Si Zcash (ZEC) a figuré parmi les gagnants de 2025, 2026 pourrait finalement être l’année de Monero (XMR).
Plusieurs facteurs montrent en effet que XMR a le potentiel de devenir l’un des meilleurs actifs crypto en 2026. Cependant, ces mêmes caractéristiques en font également un actif assez sensible, car elles peuvent exposer les utilisateurs et les investisseurs à des risques juridiques.
Demande stable de transactions on-chain sur plusieurs années
Le premier catalyseur vient de la demande on-chain pour les transactions en XMR. En effet, cette tendance ressort clairement des données blockchain. Les données de Bitinfocharts suivent le nombre de transactions quotidiennes des trois principales pièces de confidentialité, ou privacy coins, sur près de trois ans.
Les volumes de transactions pour ZEC et DASH ont explosé au quatrième trimestre 2025, avant de chuter brutalement. En revanche, le nombre de transactions XMR est resté stable depuis de nombreuses années consécutives.
Une demande stable offre une base solide pour la croissance et la stabilité sur le long terme. Cela diffère fondamentalement d’une croissance soutenue par l’engouement et la spéculation à court terme. Par ailleurs, de récents rapports suggèrent que sur des périodes longues, XMR affiche un volume de transactions et une activité utilisateur plus importants que ZEC et DASH.
Monero peut éviter les risques liés à Zcash (ZEC)
Le deuxième catalyseur provient des signes d’une forte et constante activité des développeurs autour de Monero.
Contrairement à de nombreux projets, Monero (XMR) n’est pas géré par une structure formelle. En effet, une communauté décentralisée de chercheurs, développeurs et bénévoles entretient et développe le protocole.

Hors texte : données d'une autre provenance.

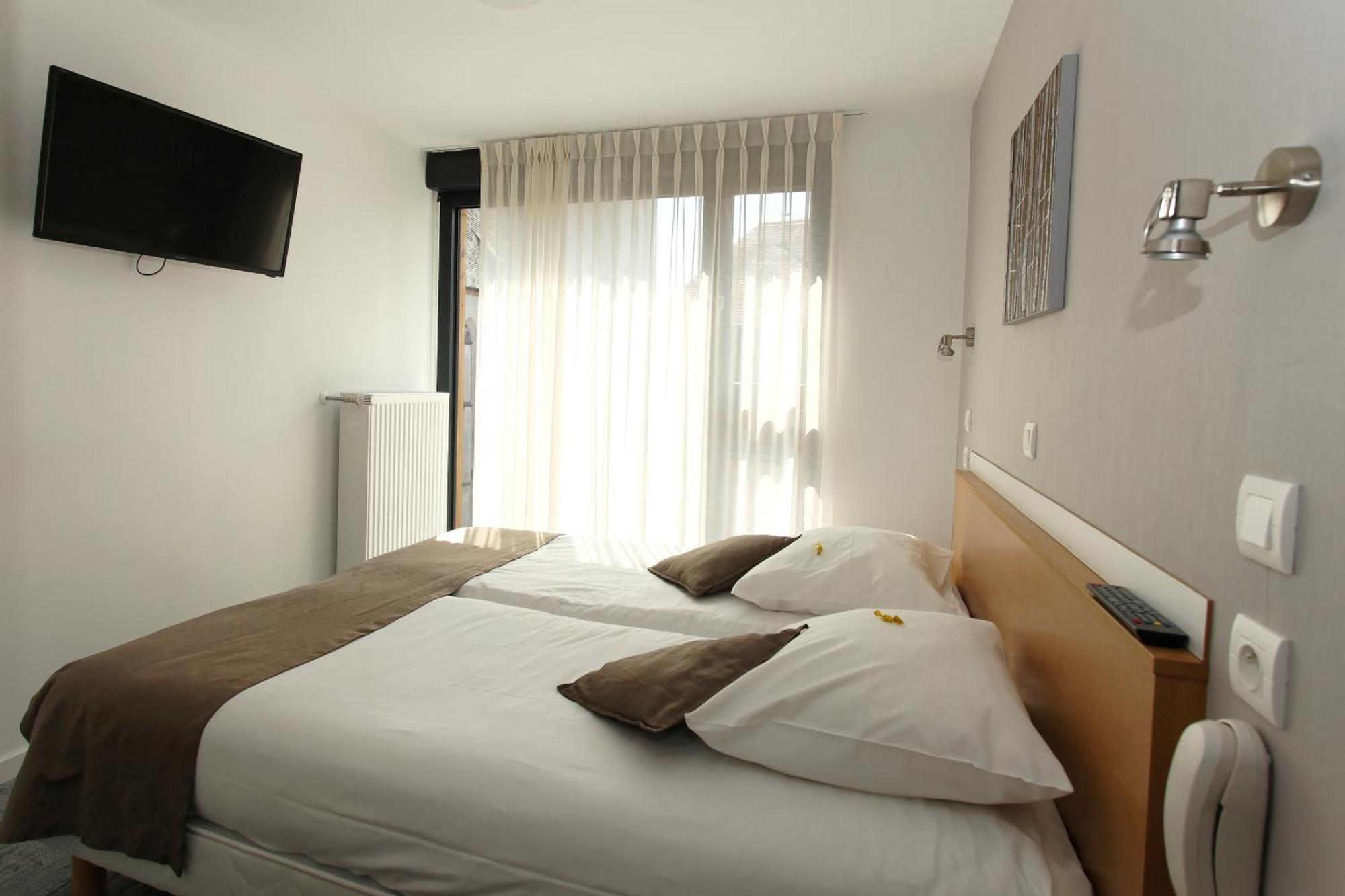 Hotel De L'Ill Strasbourg Eksteriør billede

Cette organisation aide XMR à éviter les risques similaires à ceux rencontrés par l’équipe de développement de ZEC. De nombreux investisseurs estiment que ce facteur pourrait soutenir de nouveaux sommets de prix. Ce point prend d’ailleurs une importance toute particulière à mesure que les investisseurs se détournent des actifs qui présentent des risques de gouvernance centralisée.
« XMR reste le plus intéressant des grands altcoins à surveiller pour le futur proche, [avec] un historique de dix ans d’utilisation réelle comme monnaie privée, et non comme simple objet de spéculation. XMR évite également la menace corporative que connaît ZEC. Un franchissement au-dessus des plus hauts historiques favoriserait une forte hausse », a déclaré l’investisseur The Crypto Dog dans un post.
Les données Artemis montrent également que le nombre hebdomadaire de commits des développeurs principaux de Monero a atteint 400 fin décembre dernier, établissant un record absolu.
Ce signal montre la forte implication de la communauté de développement et pourrait renforcer la confiance des nouveaux investisseurs.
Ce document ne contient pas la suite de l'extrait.